Self-Training Large Language Models with Confident Reasoning
This work addresses the challenge of reducing human supervision costs for training LLMs on reasoning tasks, though it is incremental as it builds on existing self-training approaches.
The paper tackles the problem of self-training large language models for reasoning by addressing the limitation of existing methods that focus only on answer confidence, proposing a new method that uses reasoning-level confidence to select high-quality reasoning paths for fine-tuning, resulting in improved accuracy on multiple benchmarks.

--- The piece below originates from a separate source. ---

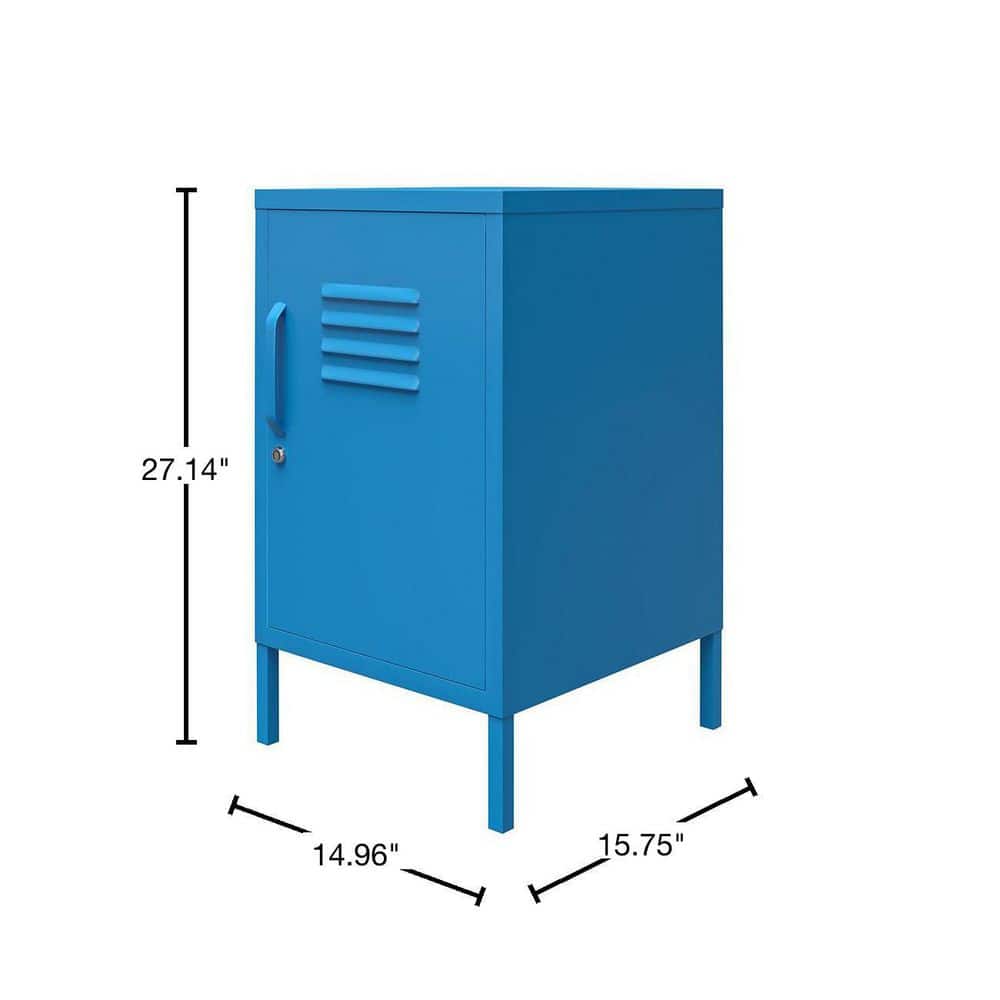 Bright Blue Novogratz Cache Metal Locker End Table with Storage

Large language models (LLMs) have shown impressive performance by generating reasoning paths before final answers, but learning such a reasoning path requires costly human supervision. To address this issue, recent studies have explored self-training methods that improve reasoning capabilities using pseudo-labels generated by the LLMs themselves. Among these, confidence-based self-training fine-tunes LLMs to prefer reasoning paths with high-confidence answers, where confidence is estimated via majority voting. However, such methods exclusively focus on the quality of the final answer and may ignore the quality of the reasoning paths, as even an incorrect reasoning path leads to a correct answer by chance. Instead, we advocate the use of reasoning-level confidence to identify high-quality reasoning paths for self-training, supported by our empirical observations. We then propose a new self-training method, CORE-PO, that fine-tunes LLMs to prefer high-COnfidence REasoning paths through Policy Optimization. Our experiments show that CORE-PO improves the accuracy of outputs on four in-distribution and two out-of-distribution benchmarks, compared to existing self-training methods.